=== SUPPLIED DATA ===

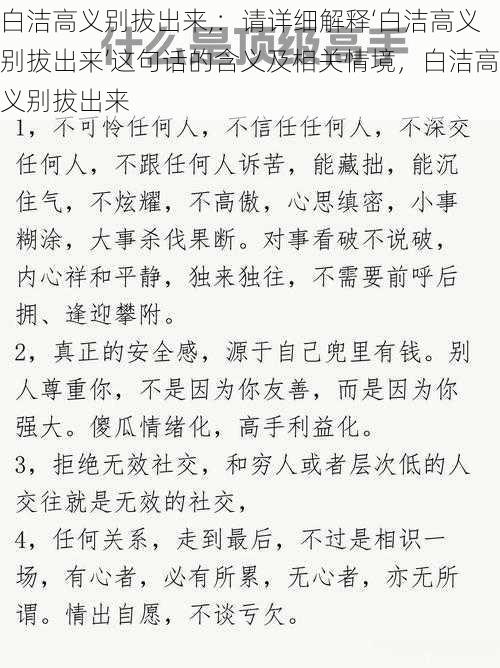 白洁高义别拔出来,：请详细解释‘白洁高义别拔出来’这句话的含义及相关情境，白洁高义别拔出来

===
=== SUPPLIED DATA ===

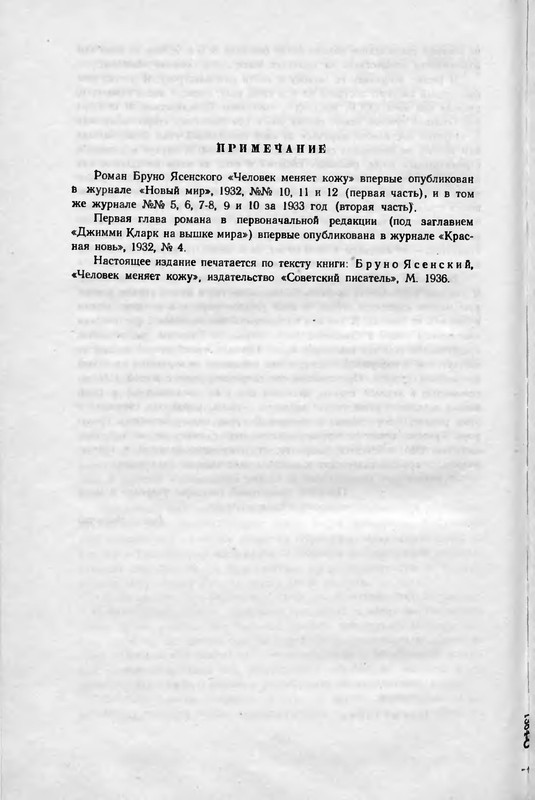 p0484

===
=== SUPPLIED DATA ===

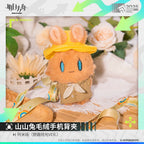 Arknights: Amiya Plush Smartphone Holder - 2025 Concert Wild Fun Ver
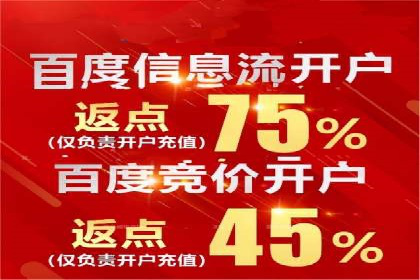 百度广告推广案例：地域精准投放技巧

===

PROBLEM DETAILS. Using the data above, give again exactly the lines starting at the one holding "Arknights: Amiya Plush" and ending at the one holding "百度广告推广案例：地域精准投放技巧", inclusive, and nothing more. Omit the pictures.

EXERCISE ANSWER.
 Arknights: Amiya Plush Smartphone Holder - 2025 Concert Wild Fun Ver
 百度广告推广案例：地域精准投放技巧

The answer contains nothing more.